The purpose of this exercise is for the patient to become aware of how to compensate for scoliotic posture and how to control the oblique and deep abdominal muscles that are so important in this context.
Correction of pelvic tilt while seated
The patient sits on a stool or on her heels facing a mirror. She first intentionally relaxes her abdominal muscles, bringing her lumbar spine into lordosis. She then slowly contracts her abdominal and gluteal muscles to cause lumbar kyphosis. Her shoulders should move as little as possible during this exercise.
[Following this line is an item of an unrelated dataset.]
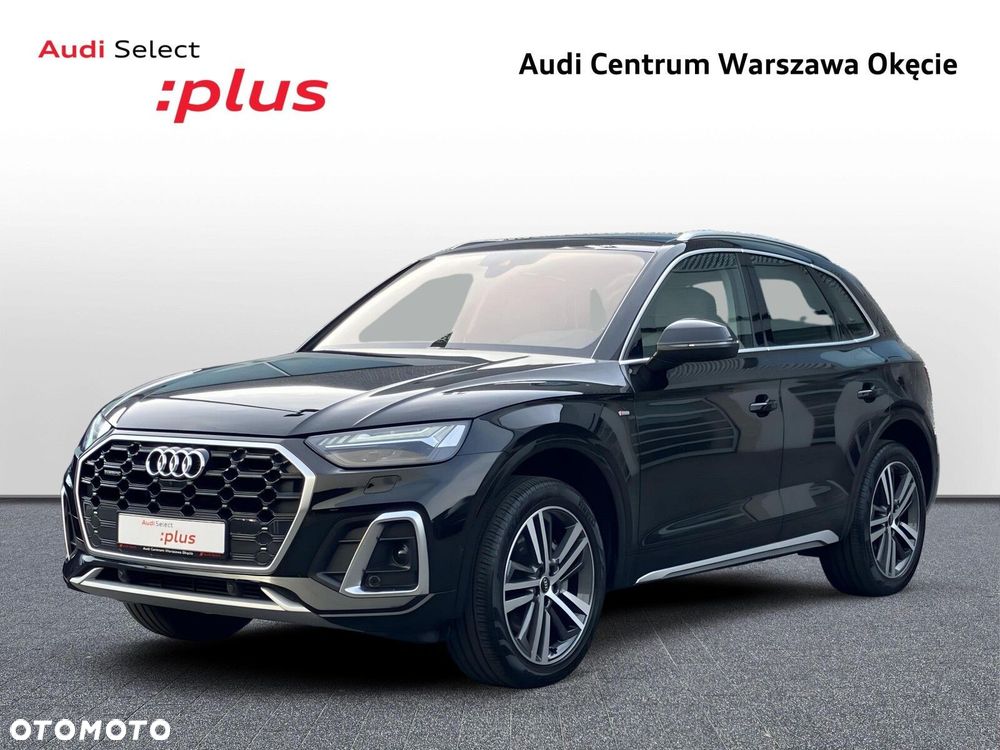 Audi Q5 50 TFSI e Quattro S tronic - 2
The purpose of this exercise is for the patient to achieve ‘dynamic sitting’, something that can be practiced particularly well on an exercise ball.
6.8.4. Anteflexion
It is well-known that a stooped or forward-bent posture can be indicative of underlying pathology. However, anteflexion is an entirely normal function of the locomotor system that should not be avoided but carried out correctly.
Straightening up from anteflexion
The patient is seated on her heels, resting her hands on the floor in front of her knees. As she breathes
calmly, her lumbar spine is in kyphosis (see Figure 6.151 A). On coordinated contraction of her abdominal and back muscles and with her pelvis fixed by her gluteals, the patient lifts her hands from the floor and her lumbar spine and thoracic spine straighten up (see
Figure 6.151 B).
The purpose of this exercise is to prepare the patient for subsequent exercises.
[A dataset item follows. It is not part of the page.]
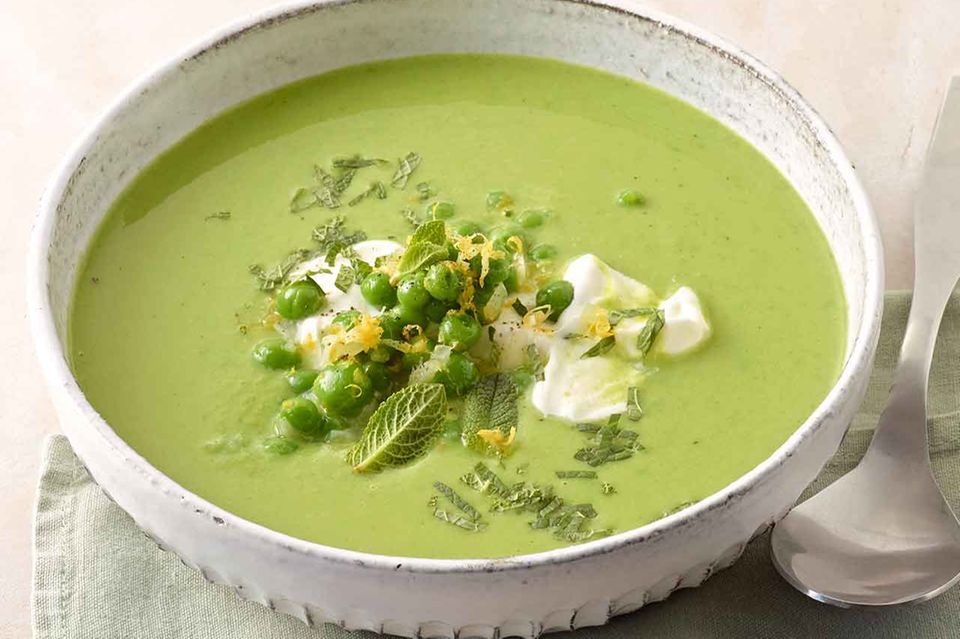 Erbsensuppe von Tim Mälzer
Anteflexion and retroflexion of the trunk with pelvis upright
Standing erect, the patient contracts her abdominal and gluteal muscles, and begins anteflexion of the head and neck followed by her thoracic and lumbar spine. Her pelvis should remain upright, which means that anteflexion is never extremely pronounced. The patient never touches the floor with her hands, and usually cannot reach further than her knees. From this position she straightens up in reverse sequence (lumbar spine, thoracic spine, head) and continues seamlessly into retroflexion, contracting her gluteal muscles and pushing her pelvis forward. She then straightens up again to her starting position.
The purpose of this exercise is for the patient to learn how to control the position of her pelvis and to master the smooth straightening of her thoracic and lumbar spine.
Lifting an object
In a standing position, the patient places one foot forward, simultaneously bending her trunk and the knee of her forward leg to pick up the object (see
Figure 4.72). In this way the load is evenly distributed between leg, pelvis, and trunk. She then straightens her trunk, simultaneously extending her forward leg and righting her pelvis using her gluteal and ischiocrural muscles, while her abdominal and back muscles control the (successive) uncurling of her spinal column. Facilitation of the abdominal muscles can be enhanced by the patient either breathing out against resistance or pressing her outstretched fingers toward the floor. Contraction of the abdominal muscles should be maintained as the patient straightens up and subsequently also during forward-bending, and she can check this using her fingers. She should also keep her trunk as close as possible to her thighs, which in turn prevents leverage. Her body’s center of gravity is over the advanced knee and is supported to some extent.
6.8.5. Lifting the arms
The critical constants here are correct fixation of the shoulder girdle and hence relaxation of the cervical spine.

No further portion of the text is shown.